It should surprise no one that media comparison studies find no significant difference in student learning. Why would students who use a pencil learn more than students who use a pen? Why would students who read an openly licensed textbook learn more than students who read a traditionally copyrighted textbook? OpenStax Director of Research Philip Grimaldi and other authors asked the same questions in their 2019 article Do open educational resources improve student learning? Implications of the access hypothesis:
Why do most comparisons of OER to traditional materials fail to find a positive effect of OER? On one hand, the primary goal of OER is to offer an alternative to commercial textbooks that are comparable in quality, but free and openly licensed. Assuming an OER textbook is no different in quality, then there are no meaningful differences to explain effects on learning outcomes. License and cost certainly should not affect learning at a cognitive level. In this sense, the frequency of null effects is expected.

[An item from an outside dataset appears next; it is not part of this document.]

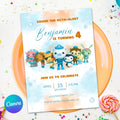 Octonauts Birthday Invitation | Watercolor Ocean Theme | Editable Canva Template | Instant Download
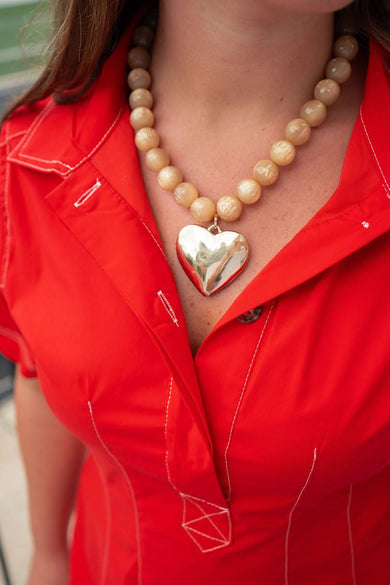 Dottie Heart Acrylic Beaded Necklace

“There are no meaningful differences to explain effects on learning outcomes.” This is a theme in media comparison studies that has been repeated in the literature for decades. Over 20 years ago, Lockee, Burton, and Cross (1999) explained how the field of distance education was leveraging media comparison studies to its advantage in their article No comparison: Distance education finds a new use for ‘No significant difference’:
Media comparison studies have long been criticized as an inappropriate research design for measuring the effectiveness of instructional technology. However, a resurgence in their use has recently been noted in distance education for program evaluation purposes…. Stakeholders desire to prove that participants in distance-delivered courses receive the same quality of instruction off-campus as those involved in the “traditional” classroom setting. However, the desire to prove that the quality of such distributed offerings is equal to the quality of on-campus programming often results in comparisons of achievement between the two groups of student participants. Statistically, such a research design almost guarantees that the desired outcome will be attained—that indeed distance learners perform as well as campus-based students.

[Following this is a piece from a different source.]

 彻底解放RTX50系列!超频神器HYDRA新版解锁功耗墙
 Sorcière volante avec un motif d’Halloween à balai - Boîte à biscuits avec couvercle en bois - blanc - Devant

“Such a research design almost guarantees that the desired outcome will be attained.” Hence, the results of OER efficacy research are completely knowable before the first datum is collected:
- Media comparison studies almost always result in a finding of “no significant difference.” And because “compare the outcomes of students who used openly licensed materials with those students who used traditionally copyrighted materials” is the very definition of a media comparison study, it is essentially guaranteed that there will be no significant difference in student learning in these studies.

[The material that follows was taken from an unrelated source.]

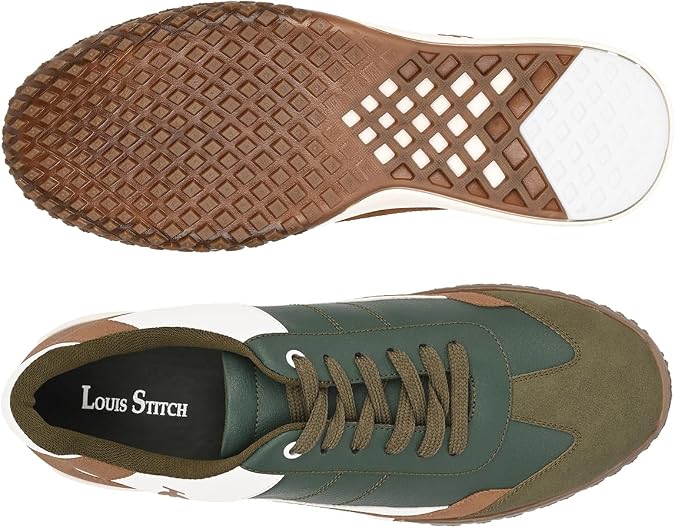 LOUIS STITCH White and Tan Sneaker for Men | Comfortable Sneaker | LSP-SNK-AVI004-WHTN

- OER are almost always less expensive than the traditionally copyrighted materials (TCM) they replace. Consequently, it is essentially guaranteed that students will save money when their faculty adopt OER instead of TCM in these studies.
OER efficacy studies are essentially guaranteed to result in a finding that says “Students saved money and learned just as much.” This finding is often presented as if it’s miraculous when, in fact, it is essentially foreordained.
Does our ability to have predicted the results of these studies ahead of time mean we shouldn’t have done them? I don’t think so. Most faculty have never heard of a media comparison study. Many faculty needed to see a tall stack of peer reviewed journal articles showing that adopting OER wouldn’t hurt student outcomes before they would consider adopting OER in their own classes. So these early media comparison studies had an important role to play in helping faculty accept OER. They had an important role to play in OER advocacy. But, if we’re honest with ourselves, they didn’t really contribute new knowledge to the field.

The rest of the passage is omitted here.